North American Int’l Auto ShowDETROIT – While still bearish overall about the U.S. auto industry, Nissan Motor Co. Ltd. CEO Carlos Ghosn predicts sales this year will reach 16.9 million units.

“Which is stable compared to 2005,” Ghosn tells a select group of reporters during an interview at the North American International Auto Show.

For Nissan, he says the year will “be split in two parts.”

Until the launch of the all-new Sentra sedan in September, as well as the new Altima coming in the fall and refreshed versions of the Maxima sedan and Quest minivan, Nissan will have “a challenging period.”

But the auto maker, which has seen record growth in the U.S. market in the last few years, will end the year strong.

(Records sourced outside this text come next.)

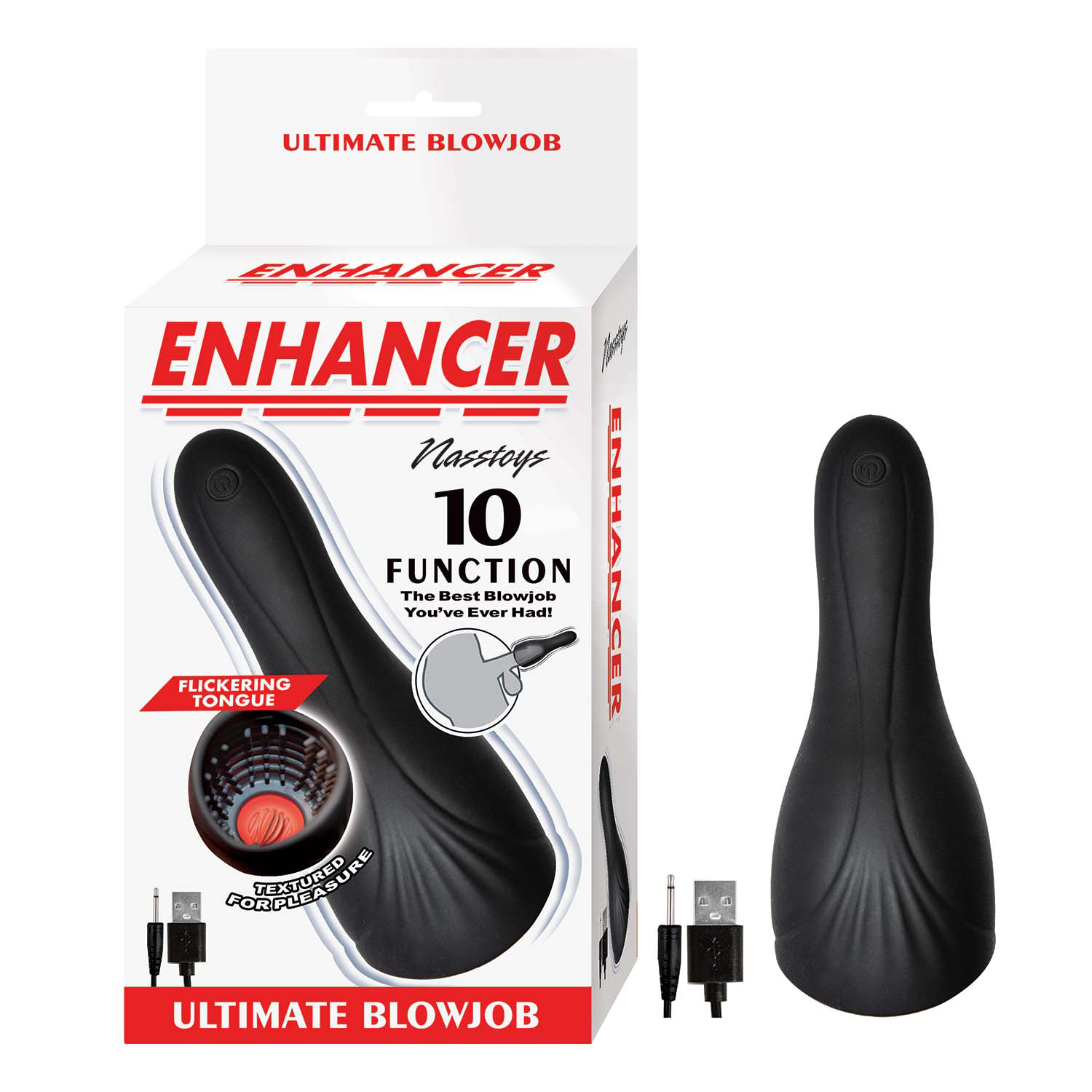 enhancer ultimate blow job black 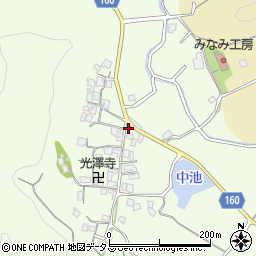 和歌山県和歌山市境原1周辺の地図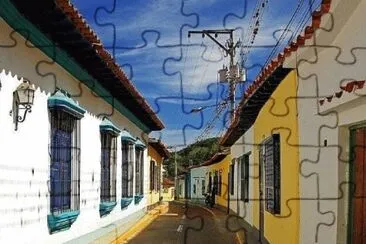 פאזל של Calles de ChoronÃ­. Aragua, Venezuela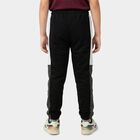 Boys' Black Cotton Blend Pyjama, Black, small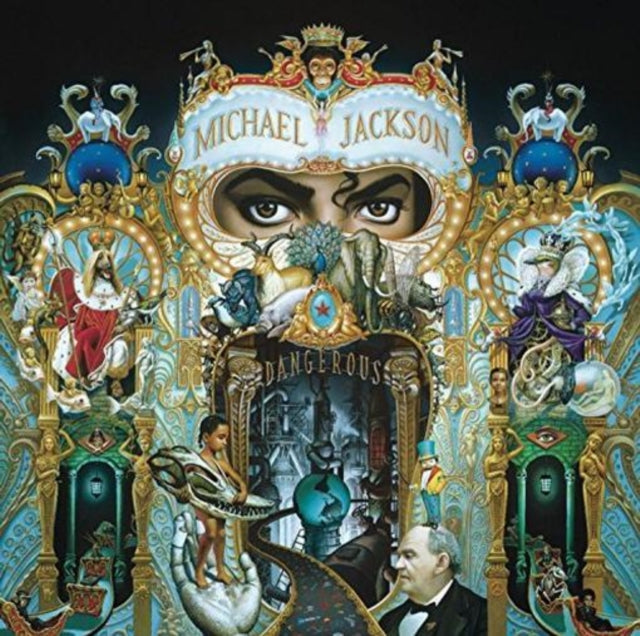 Michael Jackson - Bad & Essential Michael Jackson & Dangerous & Thriller (40Th Anniversary/2CD) & Xscape & Off The Wall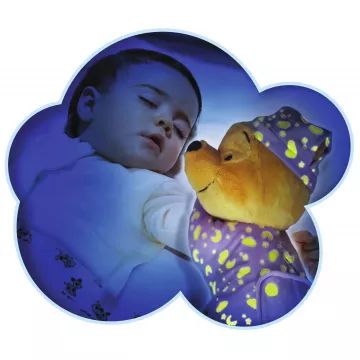Disney: Lahko noč Winnie the Pooh plišasta figura za uspavanje otrok - 30 cm - .slika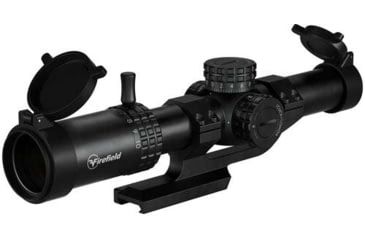 Image of Firefield Rapidstrike 1-10x24mm LPVO 30mm Tube Rifle Scope, Second Focal Plane, BDC Reticle, Black, FF13075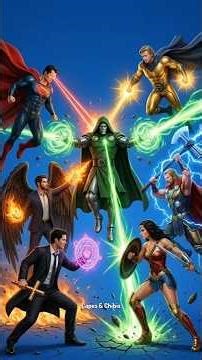 Marvel & DC Characters Who Beat Doctor Doom | Capes & Chibis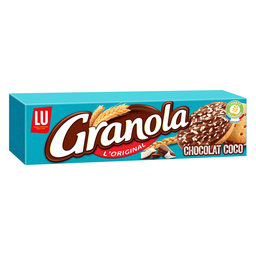 GRANOLA Biscuits chocolat au lait noix de coco 200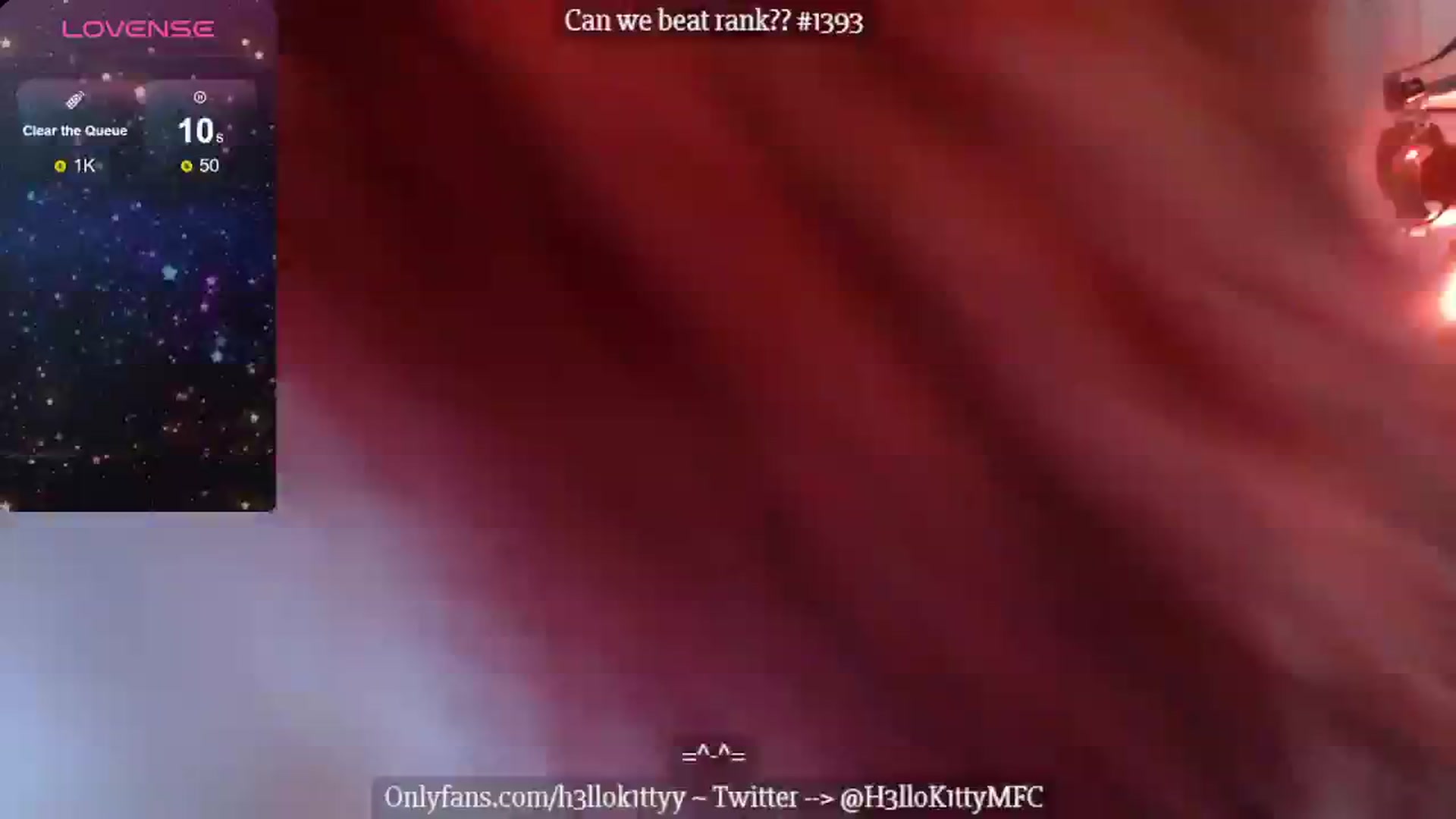 Gallery image thumbnail from H3llok1tty's myfreecams stream on, 06/24/2024, 11:45 image 11 of 20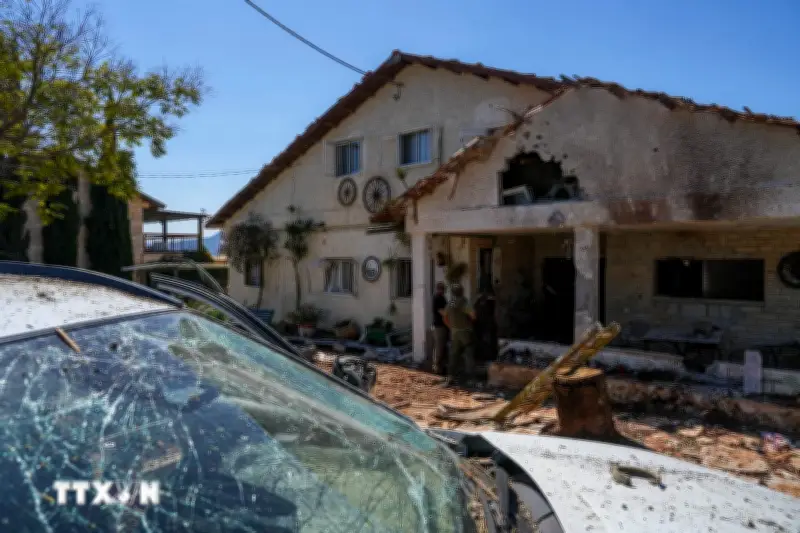 Hezbollah Bắn Hàng Trăm Rocket Vào Israel, Căng Thẳng Biên Giới Bùng Phát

“This will be fueled by the biggest rollout of new cars we’ve ever had in the U.S. market,” Ghosn says.

Of the 28 new products slated for launch under Nissan’s Value-Up business plan, 22 remain, and Ghosn says 20 will be seen in the second half of Value-Up, which ends in March 2008.

Carlos Ghosn

He sees a tough business environment worldwide again this year, pointing to rising interest rates and increasing raw-materials costs as detrimental to growth.

“(Nissan is) still leading the industry in terms of operating margin,” he says.

Speaking of the industry, he says: “We make a product which is a very elaborate product; which is…dear to many, many people around the world; and it’s a pity that selling this product does not give car manufacturers a return… sufficient for them to produce the kind of value which is associated with a very elaborate product,”

Meanwhile, Ghosn says Nissan has made no movement on a decision to locate a vehicle assembly plant in Russia, noting Nissan is committed to “being present more intensely.”

As for another North American plant, Ghosn says Nissan has sufficient capacity at present.

If the auto maker were to increase its North American capacity, it likely would do so at its existing facilities, especially the new Canton, MS, plant, which has room for expansion, he says.

When asked whether Nissan would consider locating a plant in Michigan, as competitor Toyota Motor Corp. has discussed, Ghosn says he is not averse to any state, citing adequate working conditions and a sufficient workforce as criteria for a plant location.